The school was founded and endowed by John Wheelwright in 1724 and established in a building which is now the school chapel. When the Wheelwright Building was built in 1826 the old building was converted into a chapel for the people of Rishworth, until St John's Church, Rishworth opened at the end of the 19th Century. Other school buildings near the Wheelwright building were built in 1930, 1933 and 1950. Today the school extends over 130 acres (0.53 km2) with a range of buildings developed to accommodate pupils.
The school is a founder member of the Society of Headmasters & Headmistresses of Independent Schools, established in 1961 through the then Headmasters' Conference.
The sports hall was opened by Joe Royle during his time as manager of Oldham Athletic.
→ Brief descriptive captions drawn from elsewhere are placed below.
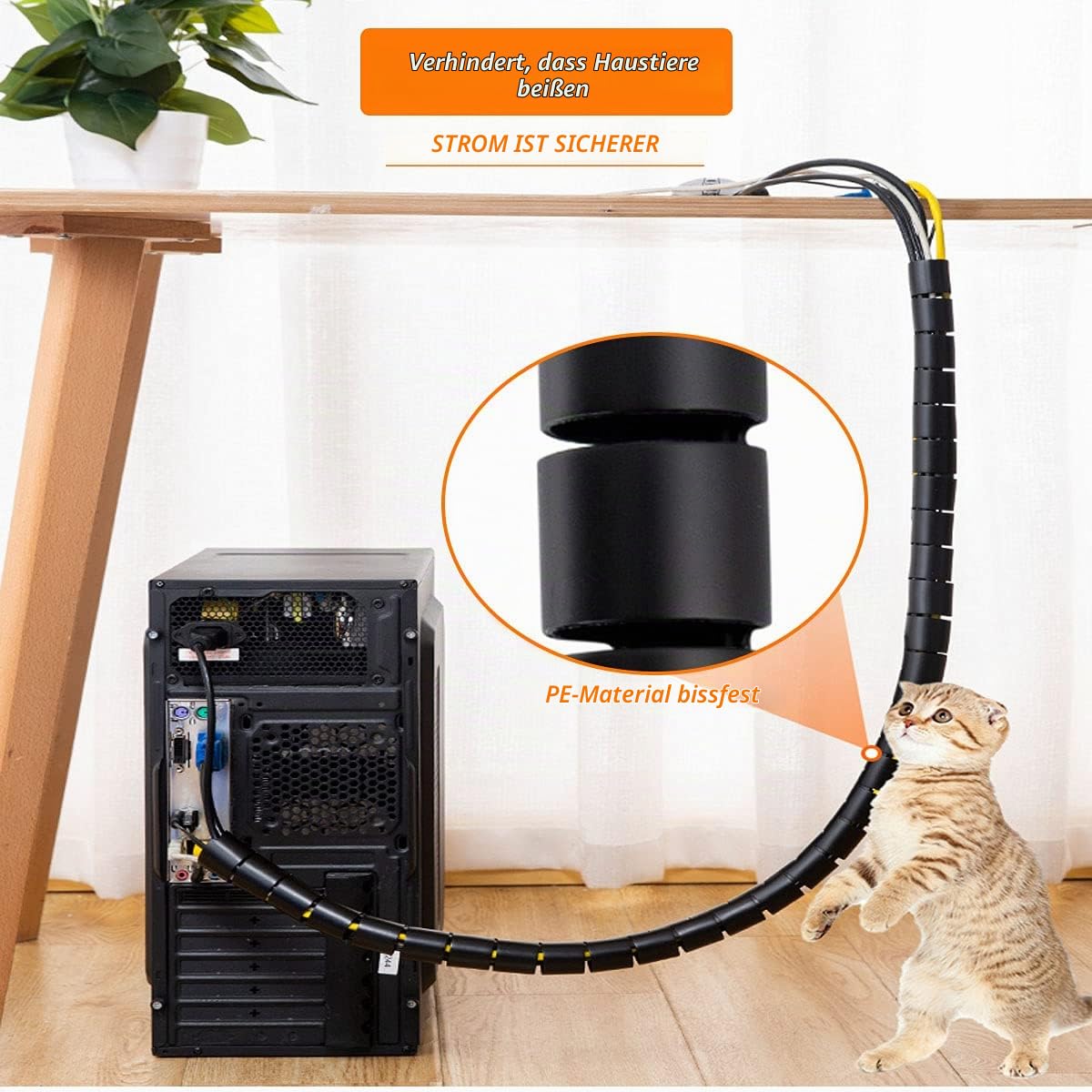 Kabelschlauch, Kabelspirale 22mm x 3M Flexibles Spiralschlauch, Kabel Organizer mit Kabelführungsclip, Kürzbar Kabelhülle von Kabeln bei PC, Computer, TV, Heimkino, HiFi-Anlage…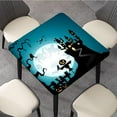 thumbnail image 3 of Halloween Square Fitted Table Cloths, Night Scarecrow and Castle Washable Spill Proof Elastic Edged Table Cover, for Indoor Outdoor Party Dinner Patio, Fit for 36" x 36"Square Table, Blue Black, 3 of 4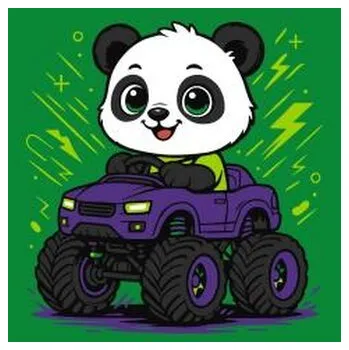 Set školních potřeb Malowanie po numerach - Panda w samochodzie Kids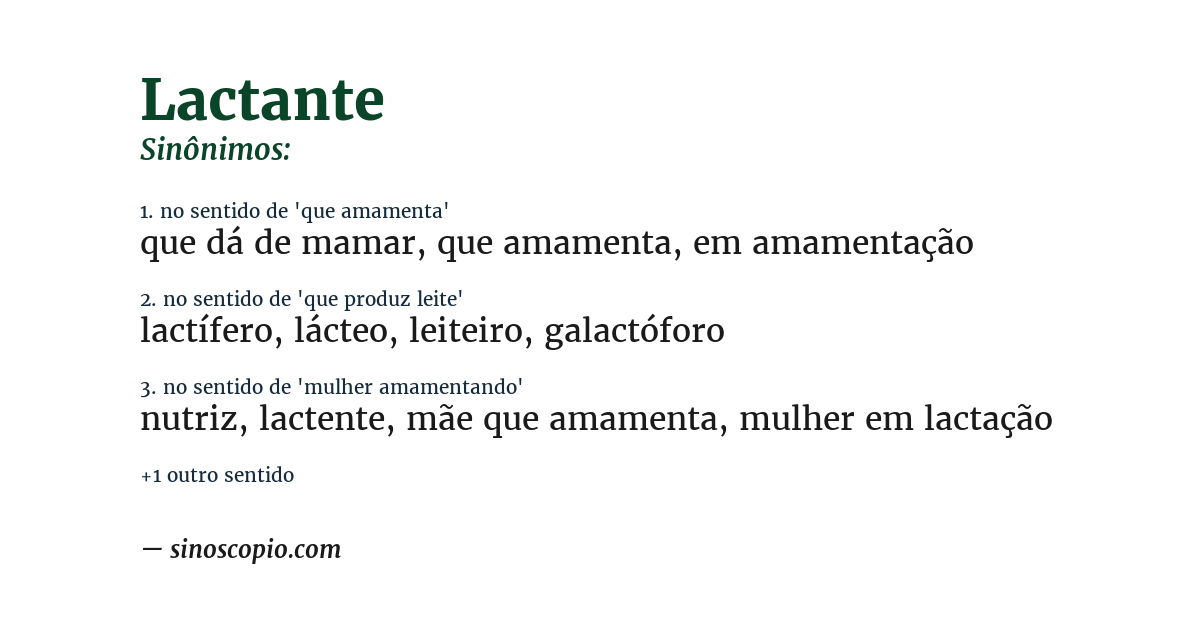 Sinônimo de lactante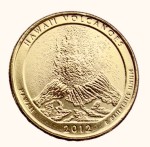 USA 25 c Park narodowy Wulkany Hawajskie 2012 nr 14 24K Au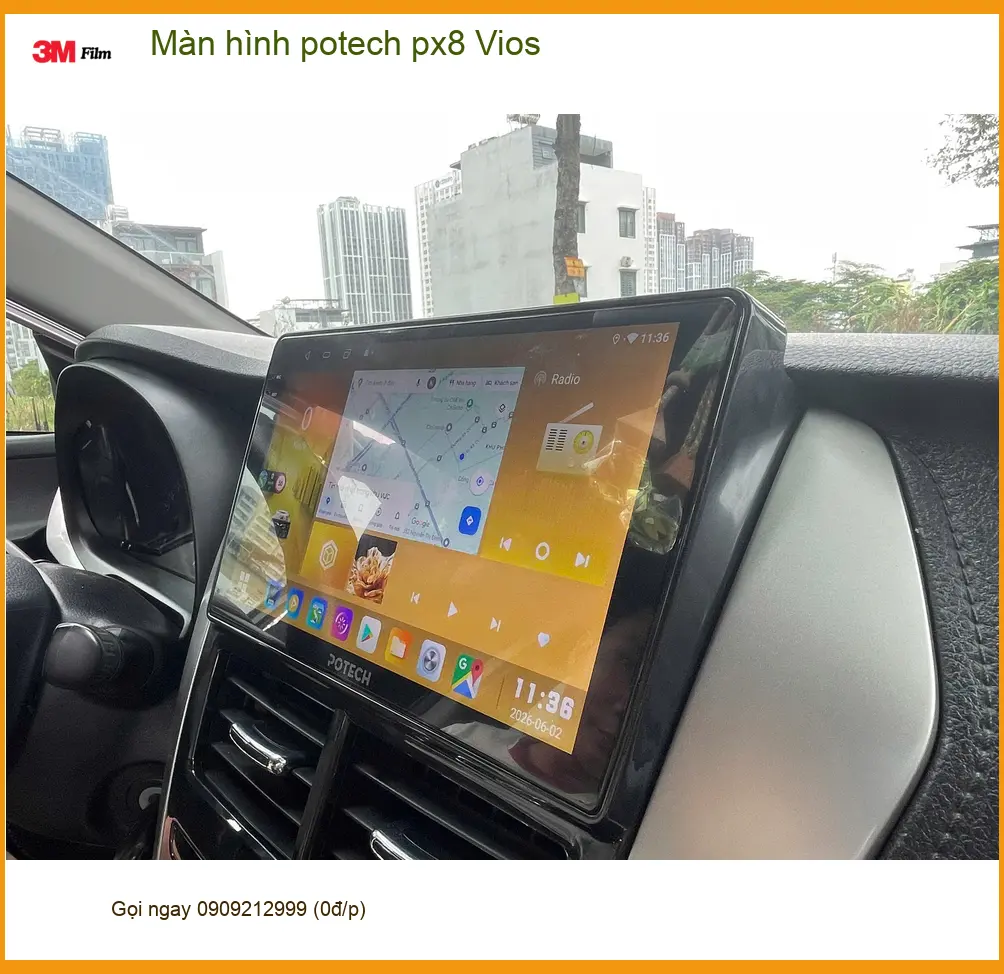 Chị Thảo lắp màn hình Potech PX8 cho Toyota Vios tại Quận 8 cho trải nghiệm lái tốt hơn ảnh thực tế 3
The sports club (located at Heathfield) was opened by HRH The Princess Royal in June 2007. The new sports pavilion was opened in May 2011 by rugby player Mark Cueto.
Rishworth School was most recently inspected by the Independent Schools' Inspectorate in November 2017. The school received the highest grading of excellent in all categories and more specifically with reference to pupils' academic and personal development. The report can be found on the Independent Schools' Inspectorate website at https://www.isi.net/reports/ as well as the Schools' website. The report notes the enthusiasm that pupils of all ages have towards their learning cultivated within a creative and supportive educational framework that includes a vibrant Intellectual Curiosity scheme that has expanded to include Space launches, and a Formula One in Schools engineering programme alongside the flagship Manchester and London Research Projects.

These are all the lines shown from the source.